Yoga Mats on the carpet is something that sounds weird, but it isn’t. Some people are just put off by the thought especially after seeing most mats used on wooden floors.
Which then begs the question: “Can you use yoga mats on carpet?” And well, that answer is pretty easy:
You can certainly use yoga mats on the carpet if you don’t have wooden flooring. They work well though there is more cushioning and padding on the surface. It does depend on the style of yoga that you’re doing on the carpet, as using your yoga mat on the carpet is perfectly fine for Yin Yoga but very challenging for Vinyasa Flow and Ashtanga since stability is reduced.

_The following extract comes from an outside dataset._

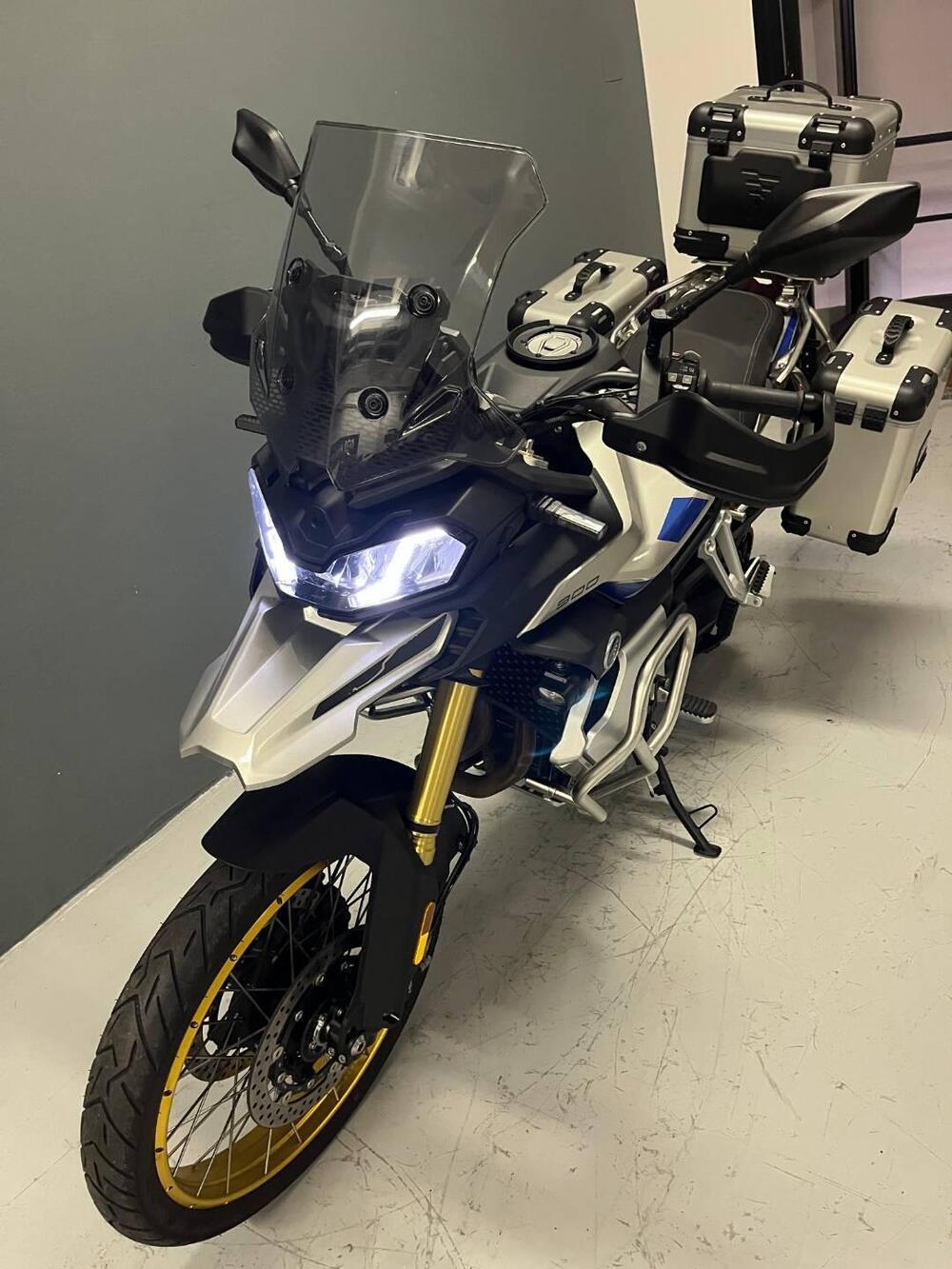 Voge Valico 900DSX (2024 - 26) (4)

Indeed there are still exceptions to the rule and certainly times when you’ll gain benefits.
Using Yoga Mats on Carpet
While we may think the cushioning is working towards our benefit, it isn’t. What we need is a strong foundation, not a soft surface to perform our stretches with. This is why yoga mats are typically 3mm with mild variances. By having a yoga mat on the carpet, you’re effectively creating super soft padding which feels like a little odd.
The question is best answered when knowing how thick your carpet actually is. If you’re using very thin office carpet, then using a yoga mat on top of this happens to be no problem at all. You’ll feel a very mild difference between this and a wooden floor.
Where the problem really comes to the surface is those thick woollen carpets. If you live in a colder climate where your carpet is very thick (0.5″ or greater), then that softness is wonderful to walk on but terrible to use a yoga mat on. Strangely, some people’s mattresses can be harder than their own carpets.
Yoga When You Have No Wooden Floors
Essentially, you’re looking for a way to practice yoga at home when all you have is carpetted floors. Well, you have several options:
- Use the kitchen! Often we see on Instagram experienced teachers merely using their kitchen as the floor is hard. Mop and dry the area first before using.
- Find a spot outside. You may have a balcony or concreted area in your backyard. We’ve even seen some people using their own garages!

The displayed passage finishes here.